Available records =
○ ○ ○ ○ ○ ○ ○

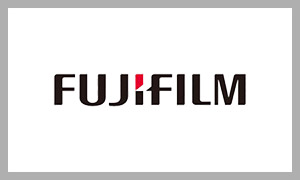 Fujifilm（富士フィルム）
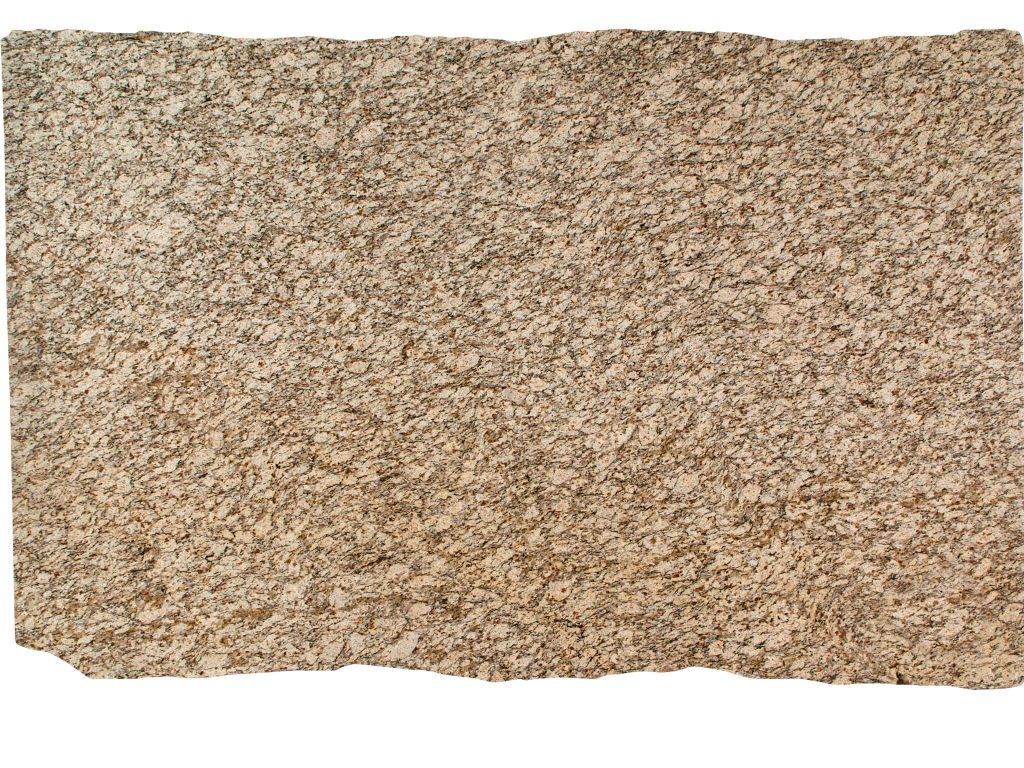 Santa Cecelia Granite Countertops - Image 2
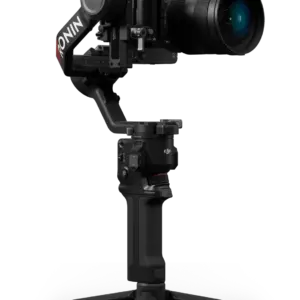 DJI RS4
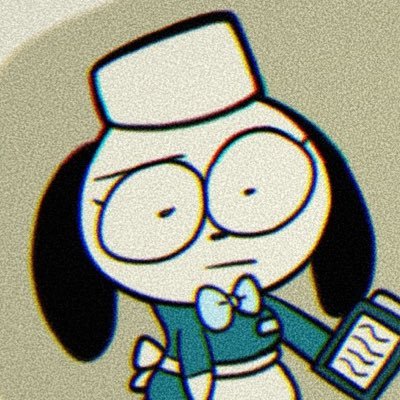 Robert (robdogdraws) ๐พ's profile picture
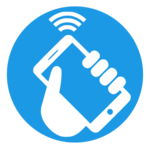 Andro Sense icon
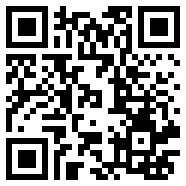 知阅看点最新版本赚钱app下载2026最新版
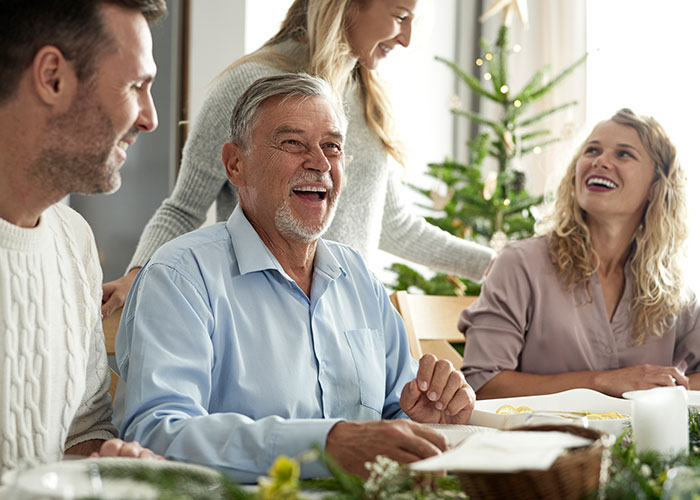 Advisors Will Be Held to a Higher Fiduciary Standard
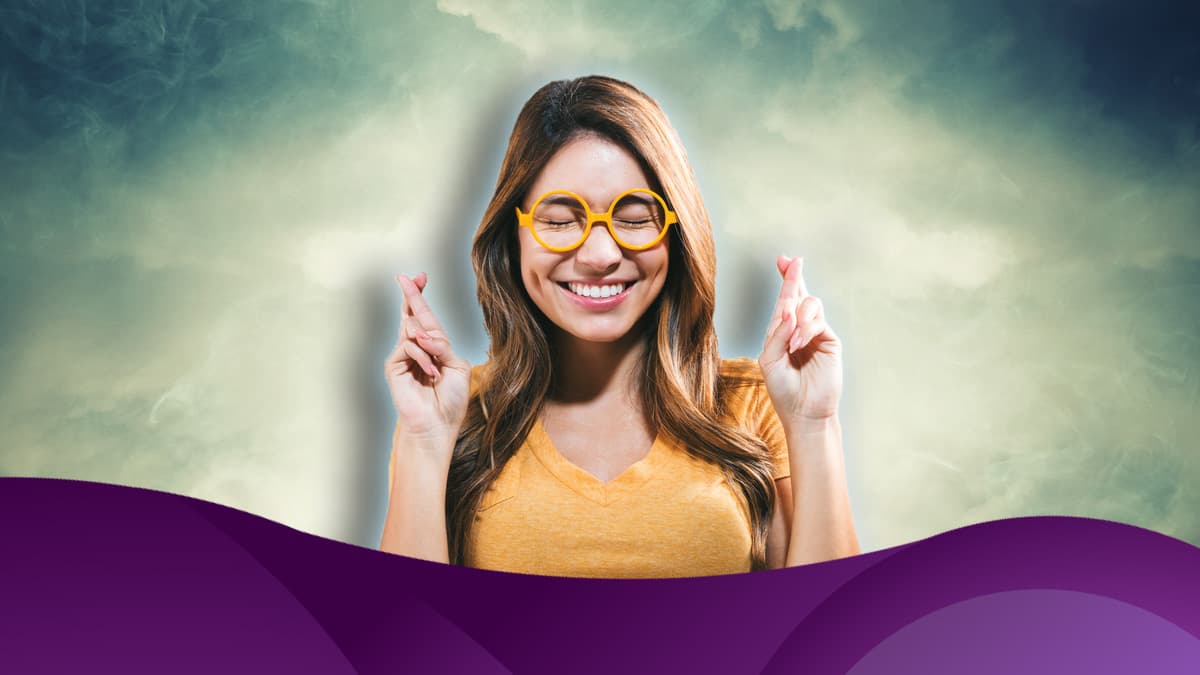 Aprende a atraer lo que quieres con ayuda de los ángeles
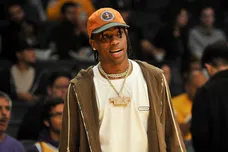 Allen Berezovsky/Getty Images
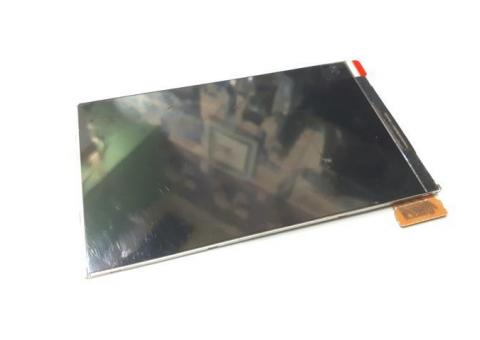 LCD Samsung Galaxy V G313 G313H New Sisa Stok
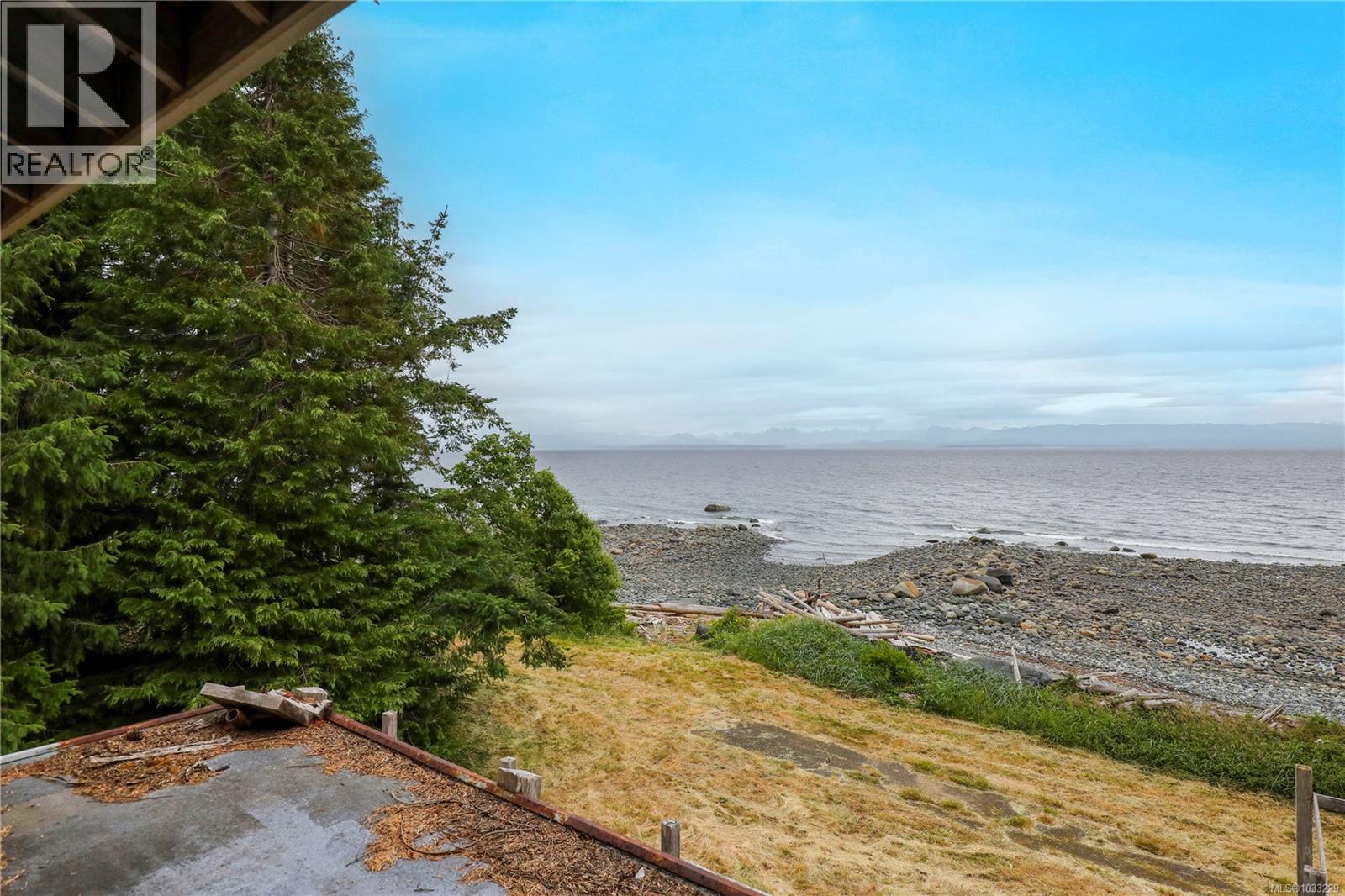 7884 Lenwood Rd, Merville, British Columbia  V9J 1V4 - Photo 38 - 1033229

○ ○ ○ ○ ○ ○ ○

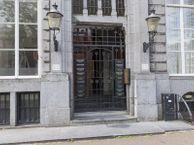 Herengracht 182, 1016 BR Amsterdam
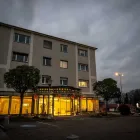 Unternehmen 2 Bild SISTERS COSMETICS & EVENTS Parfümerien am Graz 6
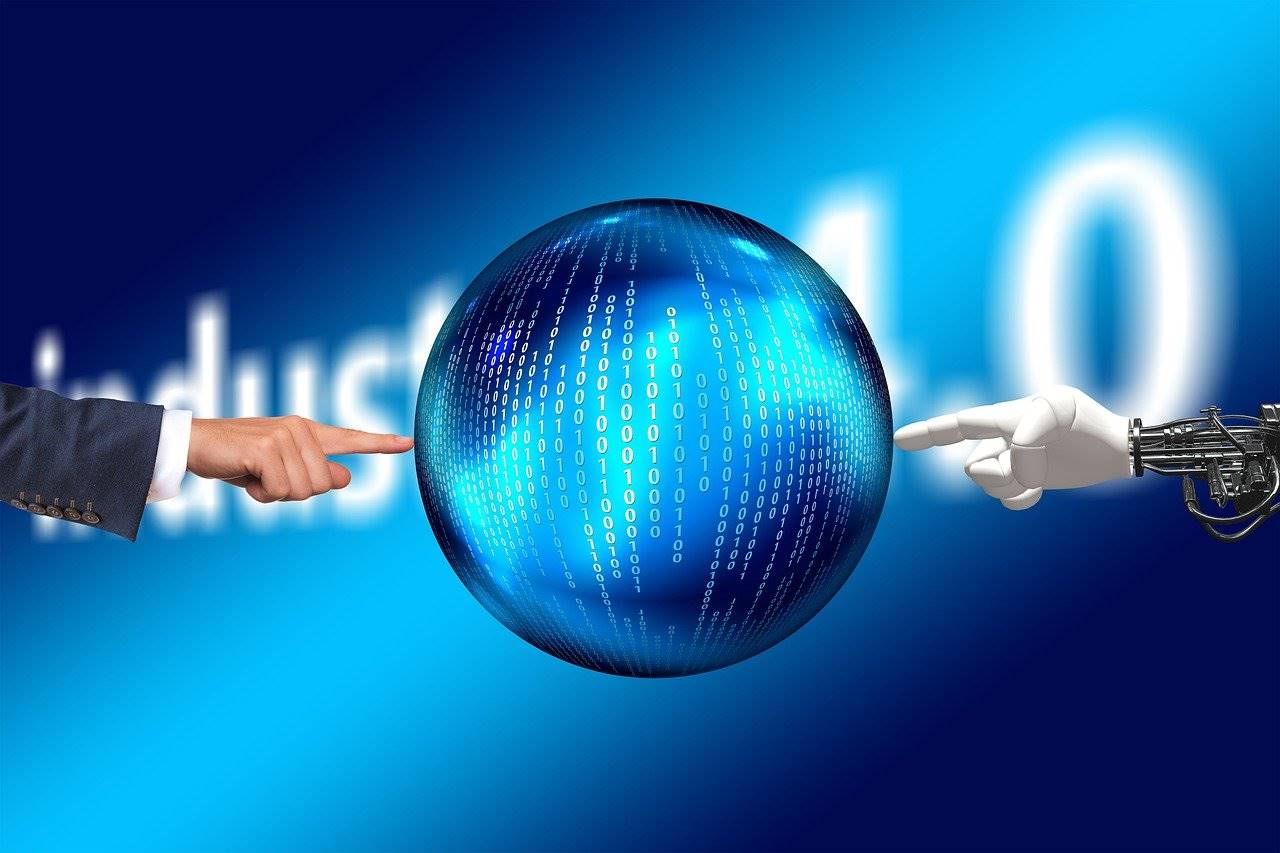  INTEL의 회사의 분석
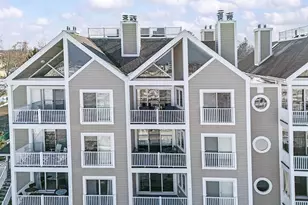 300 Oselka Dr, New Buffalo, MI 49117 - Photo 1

○ ○ ○ ○ ○ ○ ○

About this task =
Extract from the material above the stretch running from the line containing "Fujifilm（富士フィルム）" through the line containing "7884 Lenwood Rd, Merville, British". Keep the text exact and the pictures out.

Task output =
 Fujifilm（富士フィルム）
 Santa Cecelia Granite Countertops - Image 2
 DJI RS4
 Robert (robdogdraws) ๐พ's profile picture
 Andro Sense icon
 知阅看点最新版本赚钱app下载2026最新版
 Advisors Will Be Held to a Higher Fiduciary Standard
 Aprende a atraer lo que quieres con ayuda de los ángeles
 Allen Berezovsky/Getty Images
 LCD Samsung Galaxy V G313 G313H New Sisa Stok
 7884 Lenwood Rd, Merville, British Columbia  V9J 1V4 - Photo 38 - 1033229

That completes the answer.